Amanda Fraser (born 10 November 1981 in Emerald, Queensland) is an Australian Paralympic athlete and swimmer. She has cerebral palsy and competes in the F37 category for the physically impaired. Competing in the 2000, 2004, and 2008 Summer Paralympics, she won two silver and two bronze medals, and in the 2006 World Championships, she won a gold and a silver medal. In the 2006 championships, she set a world record for discus in her classification, and was named 2006 Telstra Female AWD Athlete of the Year by Athletics Australia. Fraser now works as a personal trainer, working with people unfamiliar to a gym environment, especially women. She believes it is important for women to feel empowered and she aims to help them develop their mental and physical strength.

Career

Fraser was born with spastic hemiplegia, a form of cerebral palsy where one side of the body is affected. At the age of 12, she competed in the Queensland School Sports Athletics Championships and won three gold medals. She later moved on to swimming, and was selected to complete in the 2000 Summer Paralympics in Sydney, where she won bronze medals in the 4×100 m Freestyle 34-point relay and the S7 50 m Freestyle.

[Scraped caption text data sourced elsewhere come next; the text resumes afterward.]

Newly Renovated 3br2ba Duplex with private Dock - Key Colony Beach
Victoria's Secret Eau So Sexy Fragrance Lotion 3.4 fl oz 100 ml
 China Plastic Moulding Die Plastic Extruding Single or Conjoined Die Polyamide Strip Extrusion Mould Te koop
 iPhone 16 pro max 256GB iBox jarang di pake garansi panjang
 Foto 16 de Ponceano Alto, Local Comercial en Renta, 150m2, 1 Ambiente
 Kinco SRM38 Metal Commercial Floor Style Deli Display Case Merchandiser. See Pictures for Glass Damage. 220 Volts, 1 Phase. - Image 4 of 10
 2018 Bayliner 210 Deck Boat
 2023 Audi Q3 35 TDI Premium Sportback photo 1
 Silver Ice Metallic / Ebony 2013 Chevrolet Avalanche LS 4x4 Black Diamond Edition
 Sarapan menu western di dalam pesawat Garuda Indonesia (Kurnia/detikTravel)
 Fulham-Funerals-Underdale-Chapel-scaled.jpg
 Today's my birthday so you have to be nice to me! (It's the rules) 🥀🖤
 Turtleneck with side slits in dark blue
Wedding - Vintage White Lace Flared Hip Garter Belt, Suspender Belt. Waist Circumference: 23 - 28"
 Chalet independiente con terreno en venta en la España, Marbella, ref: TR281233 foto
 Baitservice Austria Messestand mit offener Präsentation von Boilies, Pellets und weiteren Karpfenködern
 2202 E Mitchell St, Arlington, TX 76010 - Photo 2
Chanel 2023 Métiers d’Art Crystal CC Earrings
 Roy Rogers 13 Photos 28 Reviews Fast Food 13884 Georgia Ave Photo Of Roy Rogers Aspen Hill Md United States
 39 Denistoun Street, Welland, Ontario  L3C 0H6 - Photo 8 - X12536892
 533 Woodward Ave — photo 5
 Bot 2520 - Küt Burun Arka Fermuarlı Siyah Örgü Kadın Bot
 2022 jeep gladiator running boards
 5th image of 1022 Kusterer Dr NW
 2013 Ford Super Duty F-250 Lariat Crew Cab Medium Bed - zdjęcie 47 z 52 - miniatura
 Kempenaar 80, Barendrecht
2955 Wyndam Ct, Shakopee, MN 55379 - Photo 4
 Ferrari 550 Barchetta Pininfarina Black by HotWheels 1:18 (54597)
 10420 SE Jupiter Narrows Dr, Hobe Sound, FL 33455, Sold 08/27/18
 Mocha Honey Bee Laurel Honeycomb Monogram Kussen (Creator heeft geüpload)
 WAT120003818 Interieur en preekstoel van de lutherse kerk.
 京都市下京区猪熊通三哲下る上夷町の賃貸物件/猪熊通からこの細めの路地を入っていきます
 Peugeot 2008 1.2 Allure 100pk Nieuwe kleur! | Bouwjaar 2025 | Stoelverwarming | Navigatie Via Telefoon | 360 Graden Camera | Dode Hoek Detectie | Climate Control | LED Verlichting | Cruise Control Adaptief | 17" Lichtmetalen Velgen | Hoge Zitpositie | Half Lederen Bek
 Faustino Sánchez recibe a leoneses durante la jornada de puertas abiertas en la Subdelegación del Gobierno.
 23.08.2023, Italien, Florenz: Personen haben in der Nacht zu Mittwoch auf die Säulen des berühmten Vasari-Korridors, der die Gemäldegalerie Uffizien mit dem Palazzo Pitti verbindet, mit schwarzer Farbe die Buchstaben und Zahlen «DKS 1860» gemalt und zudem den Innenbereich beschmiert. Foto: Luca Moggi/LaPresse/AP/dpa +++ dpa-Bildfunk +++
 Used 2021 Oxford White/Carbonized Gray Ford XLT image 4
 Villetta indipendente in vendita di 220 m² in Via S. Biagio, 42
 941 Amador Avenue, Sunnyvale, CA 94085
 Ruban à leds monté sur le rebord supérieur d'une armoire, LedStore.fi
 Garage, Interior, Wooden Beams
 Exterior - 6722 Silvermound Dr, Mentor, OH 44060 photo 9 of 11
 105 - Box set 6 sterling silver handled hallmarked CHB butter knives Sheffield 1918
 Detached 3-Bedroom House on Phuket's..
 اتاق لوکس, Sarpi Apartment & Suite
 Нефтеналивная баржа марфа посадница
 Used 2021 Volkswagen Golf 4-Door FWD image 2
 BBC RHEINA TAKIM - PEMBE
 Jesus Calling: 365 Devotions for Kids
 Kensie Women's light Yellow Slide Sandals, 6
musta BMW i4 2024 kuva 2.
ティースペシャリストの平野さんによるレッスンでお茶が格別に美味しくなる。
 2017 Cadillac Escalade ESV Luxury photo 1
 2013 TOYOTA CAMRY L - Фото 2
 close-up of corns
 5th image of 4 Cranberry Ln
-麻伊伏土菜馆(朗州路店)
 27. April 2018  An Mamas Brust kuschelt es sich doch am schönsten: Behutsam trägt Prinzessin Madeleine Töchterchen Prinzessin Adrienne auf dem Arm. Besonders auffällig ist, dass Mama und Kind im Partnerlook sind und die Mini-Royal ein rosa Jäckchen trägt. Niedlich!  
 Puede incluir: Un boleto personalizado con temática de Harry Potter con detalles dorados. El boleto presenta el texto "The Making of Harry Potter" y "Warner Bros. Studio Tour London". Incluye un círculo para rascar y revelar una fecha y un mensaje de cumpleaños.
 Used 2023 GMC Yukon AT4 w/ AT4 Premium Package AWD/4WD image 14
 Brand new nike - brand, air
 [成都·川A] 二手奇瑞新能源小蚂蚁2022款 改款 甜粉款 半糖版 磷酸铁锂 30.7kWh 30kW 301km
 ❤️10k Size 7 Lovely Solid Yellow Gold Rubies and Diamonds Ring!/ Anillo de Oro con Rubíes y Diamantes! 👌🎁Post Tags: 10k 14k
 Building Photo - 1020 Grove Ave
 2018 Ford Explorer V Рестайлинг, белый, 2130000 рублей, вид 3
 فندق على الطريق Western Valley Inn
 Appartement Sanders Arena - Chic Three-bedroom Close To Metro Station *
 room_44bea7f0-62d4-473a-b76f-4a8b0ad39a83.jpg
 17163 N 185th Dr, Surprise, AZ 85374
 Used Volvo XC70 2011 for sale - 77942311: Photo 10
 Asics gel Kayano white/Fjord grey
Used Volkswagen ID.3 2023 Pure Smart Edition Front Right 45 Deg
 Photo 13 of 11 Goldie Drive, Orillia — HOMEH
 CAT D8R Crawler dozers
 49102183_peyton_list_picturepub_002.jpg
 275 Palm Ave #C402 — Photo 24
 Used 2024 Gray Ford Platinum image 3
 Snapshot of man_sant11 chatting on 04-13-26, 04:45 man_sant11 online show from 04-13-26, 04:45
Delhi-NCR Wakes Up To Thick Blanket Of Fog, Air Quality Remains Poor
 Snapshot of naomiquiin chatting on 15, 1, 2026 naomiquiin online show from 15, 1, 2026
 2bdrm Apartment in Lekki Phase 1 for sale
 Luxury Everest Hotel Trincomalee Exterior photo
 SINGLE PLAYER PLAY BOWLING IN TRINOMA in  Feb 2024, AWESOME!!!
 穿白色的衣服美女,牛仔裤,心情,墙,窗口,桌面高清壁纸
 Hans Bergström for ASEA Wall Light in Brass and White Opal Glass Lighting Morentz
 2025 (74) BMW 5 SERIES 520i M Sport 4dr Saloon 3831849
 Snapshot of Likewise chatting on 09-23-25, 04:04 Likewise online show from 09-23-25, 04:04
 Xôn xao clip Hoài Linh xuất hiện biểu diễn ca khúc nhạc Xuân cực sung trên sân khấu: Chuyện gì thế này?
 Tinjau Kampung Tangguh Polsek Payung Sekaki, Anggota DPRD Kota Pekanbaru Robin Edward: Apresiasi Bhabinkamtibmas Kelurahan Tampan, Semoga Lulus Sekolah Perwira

In 2001, she returned to athletics, and qualified for the 2004 Summer Paralympics with a world-record discus throw of 27.95 m at the national championships. At the Paralympics, she competed in the 100 m, shot-put, and discus events, winning a silver medal in the F37 discus classification, Australia's first medal in athletics at the event.

She competed in the 2006 International Paralympic Committee World Championships, where she broke the F37 discus world record with a throw of 29.93 metres, winning the gold medal at the event. Following this achievement, she was named the 2006 Telstra Female Athlete with a Disability of the Year by Athletics Australia.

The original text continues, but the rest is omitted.